Let’s break that down for some of the most in-demand jobs in the area.
The average market salary for a software engineer is $158,000 per year, ranging from $102,000 to $219,000. Average market salary includes a $115,000 base salary, $20,900 annual bonus, $17,100 signing bonus and $50,100 in annual equity. This data is calculated from 40,188 profiles.
From recent job postings, we know that 56 percent of software engineers in the city need to know Java, and 64 percent need to have a bachelor’s degree.
The average market salary for a research scientist in San Francisco is $163,000 a year, ranging from $107,000 to $225,000. Average market salary includes $123,000 base salary, $23,000 annual bonus, $18,400 signing bonus and $43,100 in annual equity. Salary data is based on 952 profiles.

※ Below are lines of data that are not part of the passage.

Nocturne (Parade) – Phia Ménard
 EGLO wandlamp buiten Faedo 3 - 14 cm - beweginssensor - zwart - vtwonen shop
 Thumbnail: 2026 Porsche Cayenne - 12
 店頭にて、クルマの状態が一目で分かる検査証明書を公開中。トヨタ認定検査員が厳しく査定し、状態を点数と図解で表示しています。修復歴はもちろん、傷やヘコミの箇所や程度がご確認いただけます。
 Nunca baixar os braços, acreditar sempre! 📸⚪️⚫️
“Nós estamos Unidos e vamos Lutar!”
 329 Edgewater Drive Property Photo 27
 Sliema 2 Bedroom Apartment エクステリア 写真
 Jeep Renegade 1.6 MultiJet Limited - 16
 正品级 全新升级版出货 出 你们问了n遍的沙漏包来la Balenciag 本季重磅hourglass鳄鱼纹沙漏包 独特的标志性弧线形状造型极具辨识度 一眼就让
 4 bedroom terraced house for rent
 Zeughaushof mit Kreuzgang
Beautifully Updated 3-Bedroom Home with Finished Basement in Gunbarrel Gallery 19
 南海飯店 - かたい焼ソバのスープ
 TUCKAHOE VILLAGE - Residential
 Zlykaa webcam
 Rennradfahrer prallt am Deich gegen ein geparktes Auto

49 percent of research scientists in San Francisco need to know Matlab, and 73 percent need to have a bachelor’s degree.
The average market salary for a project manager in the city is $133,000 per year, ranging from $99,500 to $168,000. Average market salary includes $105,000 base salary, $20,900 annual bonus, $15,300 signing bonus, and $32,000 in annual equity. Salaries are calculated from 8,106 profiles.
Recent job postings tell us that 51 percent of project managers need to have a bachelor’s degree.
Salaries for Popular Tech Companies in San Francisco
The average market salary for Cisco Systems employees in San Francisco is $191,000 per year, ranging from $142,000 to $244,000. This includes a $132,000 base salary, $24,200 annual bonus, $15,800 signing bonus, and $26,900 annual equity. 32 percent of Cisco employees need to know cloud computing and 52 percent need to have a bachelor’s degree. This data is calculated from 10,621 profiles.
The average market salary for Google employees in San Francisco is $256,000 a year, ranging from $192,000 to $324,000. Average market salary includes $131,000 base salary, $27,200 annual bonus, $27,200 signing bonus, and $70,700 annual equity. 44 percent of applicants need to know Java, and 64 percent need to have a bachelor’s degree. This data is based on 9,431 profiles.
The average market salary for Apple employees in San Francisco is $237,000 per year, ranging from $188,000 to $287,000. Average market salary includes $147,000 base salary, $24,000 annual bonus, $31,100 signing bonus, and $34,400 in annual equity. From recent job postings, we know that 21 percent of applicants need to know Python and 58 percent need to have a bachelor’s degree. Salaries are calculated from 6,773 profiles.
How Far Will Your Tech Salary Go in San Francisco?
As of 2015, the estimated cost of annual necessities for a single person living in San Francisco was $43,581. For a family of four, that jumps to about $91,785 a year. That doesn’t include savings or discretionary spending.
As you can see from the data we’ve compiled above, tech salaries can more than cover those annual necessities, because the top tech companies in San Francisco pay a premium for the most in-demand jobs. If you’re looking to make the move to The Golden City, it definitely pays to work in the tech sector.